REPUBLIKA.CO.ID JAKARTA -- Di sela-sela pertemuan Dana Moneter Internasional (IMF)-Bank Dunia, putri almarhum KH Abdurrahman Wahid (Gus Dur), Yenny Wahid menggagas pertemuan antara Menteri BUMN Rini Soemarno dan penasihat kerajaan Arab Saudi dan ketua Komite Perdagangan Internasional Saudi (ICT), Rahman Al Saeed. Yenny berusaha menggandeng pengusaha Arab Saudi untuk membiayai proyek infrastruktur di Republik Indonesia (RI).
Rahman Al Saeed saat ini duduk dalam Board of Eminence Heritage Amanah Group, sebuah Private Investment advisory group. Perusahaan ini mewakili banyak grup konglomerasi besar asal Timur Tengah.

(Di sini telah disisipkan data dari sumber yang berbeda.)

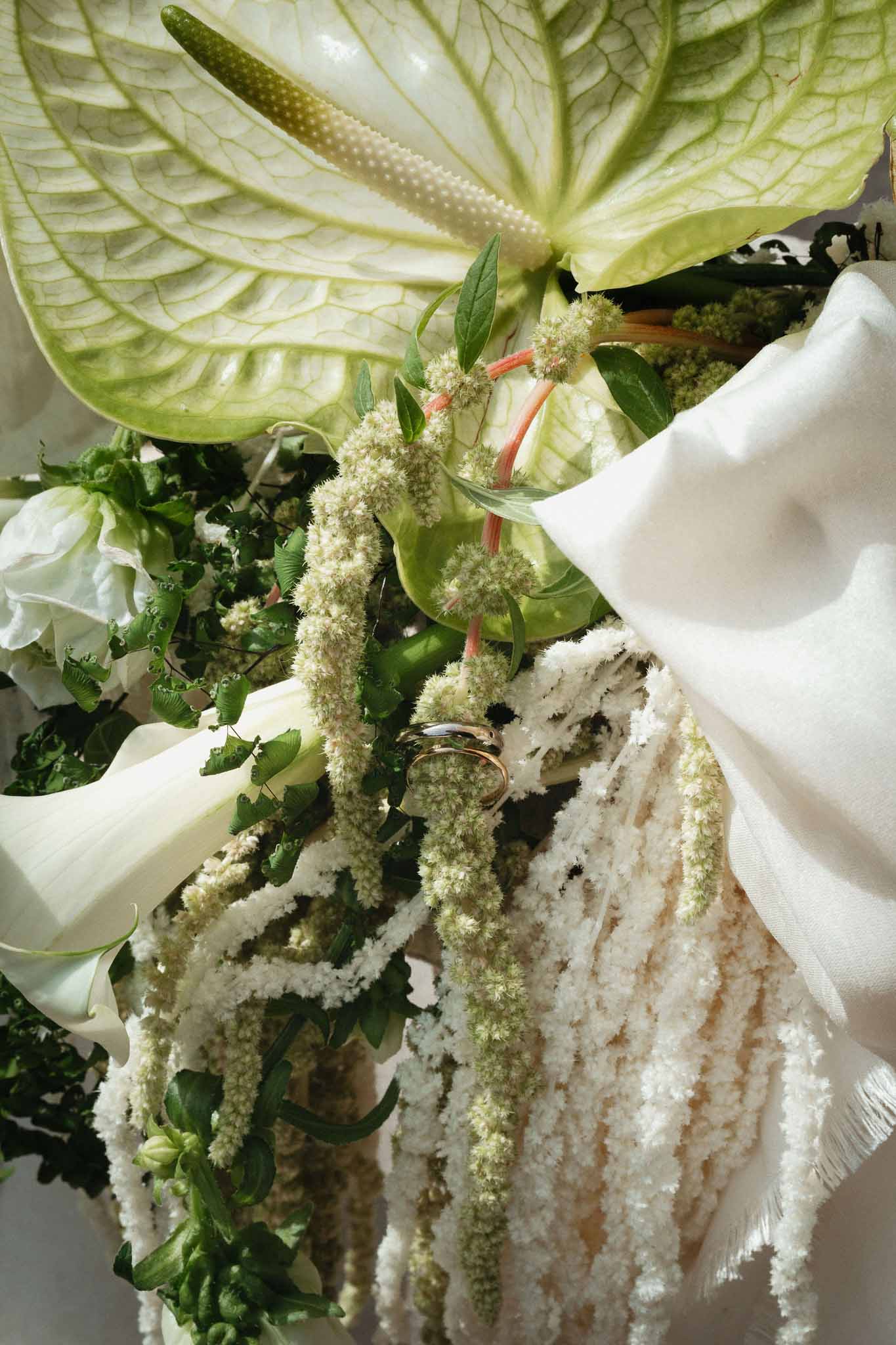 Modern bouquet of green-white anthurium, calla lilies, and trailing amaranthus with two gold wedding bands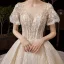 Vintage / Originale Champagne Robe De Mariée 2019 Princesse Transparentes Encolure Carrée Gonflée Manches Courtes Dos Nu Glitter Tulle Appliques En Dentelle Perlage Cathedral Train Volants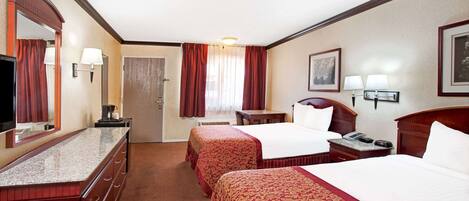 Habitación de hotel con dos camas, un escritorio, una silla, un televisor y una puerta.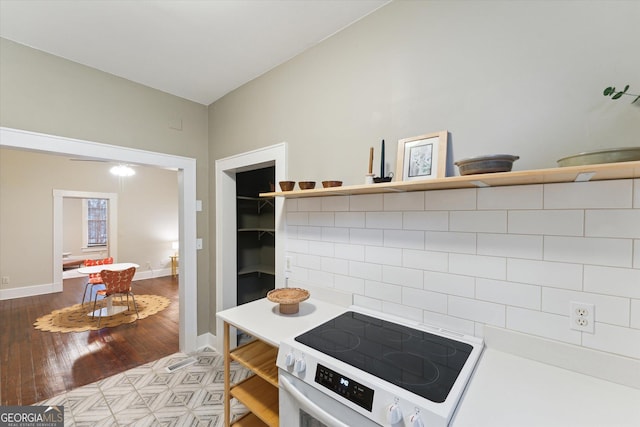 kitchen with light hardwood / wood-style flooring and range with electric stovetop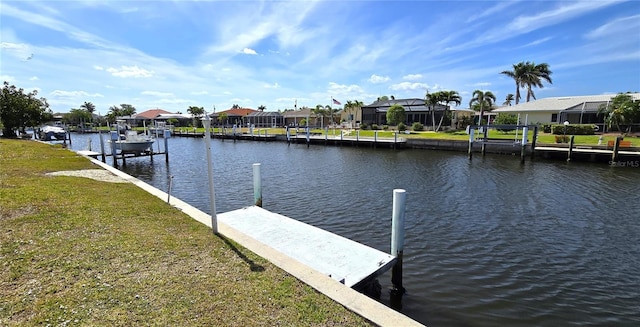 dock area with a lawn, a residential view, and a water view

"Saya melihat pada saat ini investasi dari Timur Tengah masih sangat minim di Indonesia, padahal Raja Salman sudah ke sini bawa rombongan besar. Mengapa ini terjadi? Karena setelah itu ada hambatan komunikasi. Kita dan mereka sama-sama pasif, sehingga tidak ada investasi masuk yang signifikan," kata Yenny dalam keterangannya, Kamis (11/10).
Kelompok Saudi yang tertarik masuk, jelas Yenny, cenderung menggunakan broker asing dengan upah tinggi. Akibatnya, harga proyek keseluruhan menjadi mahal di mata mereka.

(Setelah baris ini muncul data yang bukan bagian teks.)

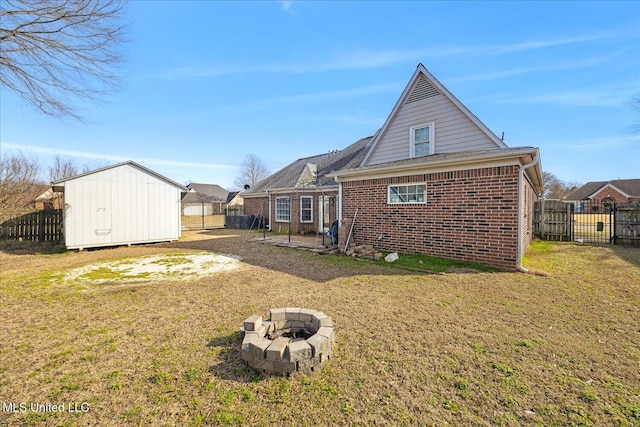 back of property with an outbuilding, brick siding, a lawn, and a fenced backyard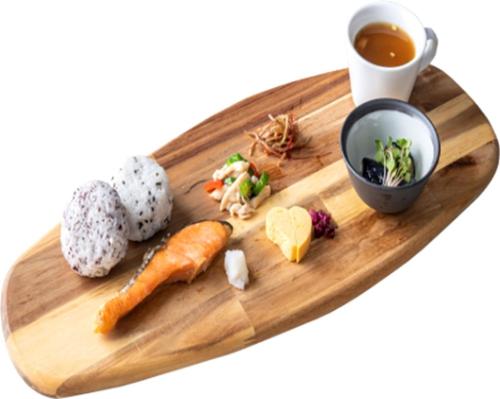 a wooden board with food and a cup of tea at Kashiba Hotel Flower Style (Adult Only) in Kashiba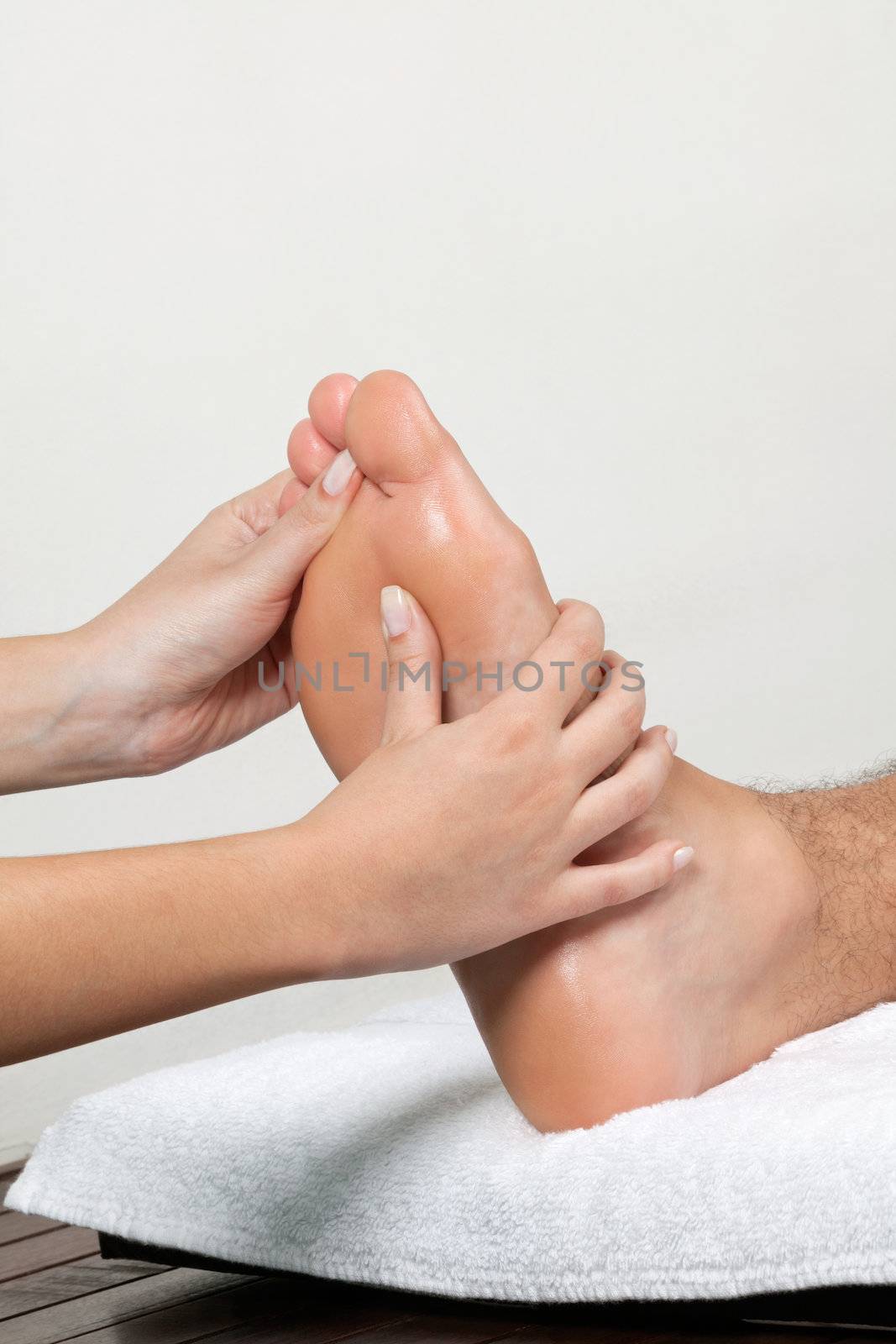 Close up of female masseuse massaging man's foot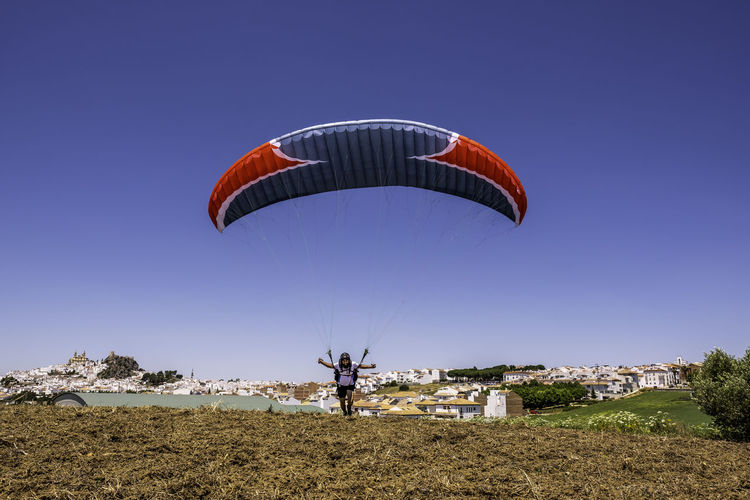 Low angle view of person paragliding against clear blue sky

Yenny menegaskan, hal ini yang harus diubah. "Sekarang langsung dipertemukan antara yang punya uang dan yang punya proyek, jadi lebih efisien," jelas dia.
Yenny melihat selama ini investasi Saudi cenderung diarahkan ke Amerika Serikat. Karena itu. kini investasi Saudi tersebut harus ditarik untuk masuk ke Indonesia.
Yenny mengapresiasi sambutan Menteri BUMN yang langsung memberikan dukungan atas langkah-langkahnya. Ia melihat Menteri Rini mendukung total semua upaya investasi Saudi untuk infrastruktur di Indonesia.
Pasalnya, ini akan menciptakan sumber pendanaan alternatif, untuk proyek-proyek infrastruktur yang selama ini didominasi oleh perusahaan-perusahaan Cina. Menteri Rini bahkan mengatakan bahwa perlu ada kerjasama investasi khusus antara Saudi dan Indonesia, karena keduanya punya banyak kesamaan, yaitu market Muslim yang besar.
Sehari sebelum pertemuan, Heritage Amanah, diwakili oleh Presiden Direkturnya, Salina Noordin, telah menandatangani sebuah perjanjian kerjasama dengan perusahaan BUMN, Bahana Capital Investment. Kerja sama ini untuk mendapatkan dana Timur Tengah sebesar 100 juta dolar AS atau Rp 1 triliun untuk membiayai proyek infrastruktur di Indonesia.